# WORK REQUIRED
Pictures stay out; print the rest of the listing below exactly as it stands.

# GIVEN MATERIAL
======
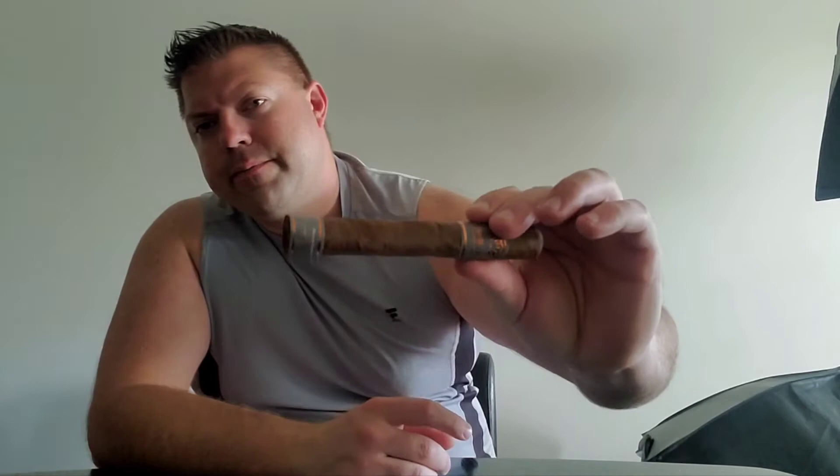Welcome to the show on the Cigar Guy. Today we're going to be smoking the H. Upmann Hermann's Batch. This cigar was created in honor of Hermann Upmann. It is a Toro size, 6x52. Its wrapper is an Ecuadorian Habano. The binder includes Dominican tobacco, and so does the filler, which also includes Nicaraguan tobacco.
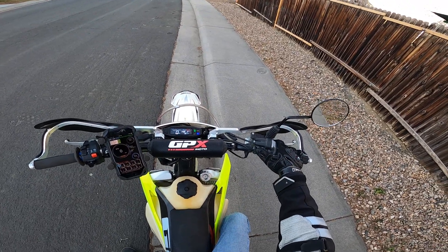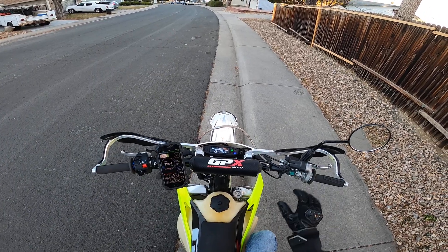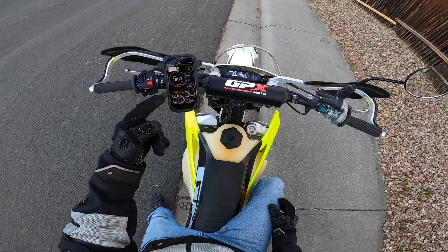The bike actually starts a lot cleaner now. Before it would kind of do a weird startup, but now it starts nice. You can see the RPMs.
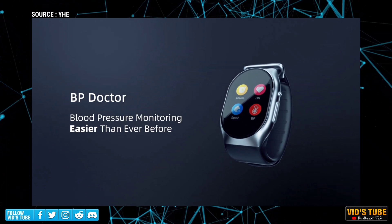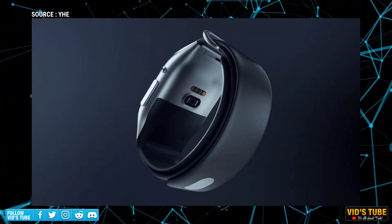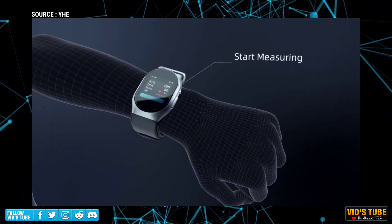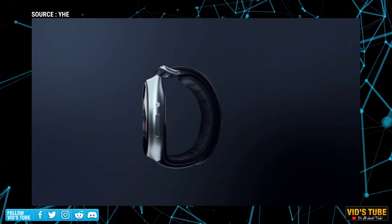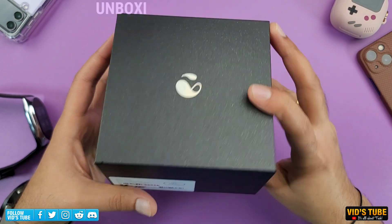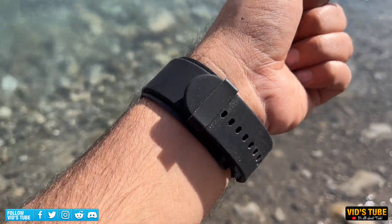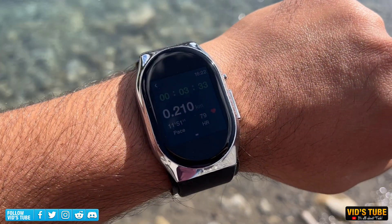Finally, a brand named YHE Technology reached out to me to try out their BP Doctor Pro smartwatch, which actually has an inflatable wrist cuff — far better and, more importantly, more comfortable than those bulky arm cuffs. Plus, it has many smart features. Let's start by briefly talking about price, unboxing, and smart features, after which I'll test the accuracy of all the sensors against medical grade monitors and wrap up with my final thoughts and room for improvements.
======
# SOLUTION FOR THIS EXERCISE
Welcome to the show on the Cigar Guy. Today we're going to be smoking the H. Upmann Hermann's Batch. This cigar was created in honor of Hermann Upmann. It is a Toro size, 6x52. Its wrapper is an Ecuadorian Habano. The binder includes Dominican tobacco, and so does the filler, which also includes Nicaraguan tobacco.
The bike actually starts a lot cleaner now. Before it would kind of do a weird startup, but now it starts nice. You can see the RPMs.
Finally, a brand named YHE Technology reached out to me to try out their BP Doctor Pro smartwatch, which actually has an inflatable wrist cuff — far better and, more importantly, more comfortable than those bulky arm cuffs. Plus, it has many smart features. Let's start by briefly talking about price, unboxing, and smart features, after which I'll test the accuracy of all the sensors against medical grade monitors and wrap up with my final thoughts and room for improvements.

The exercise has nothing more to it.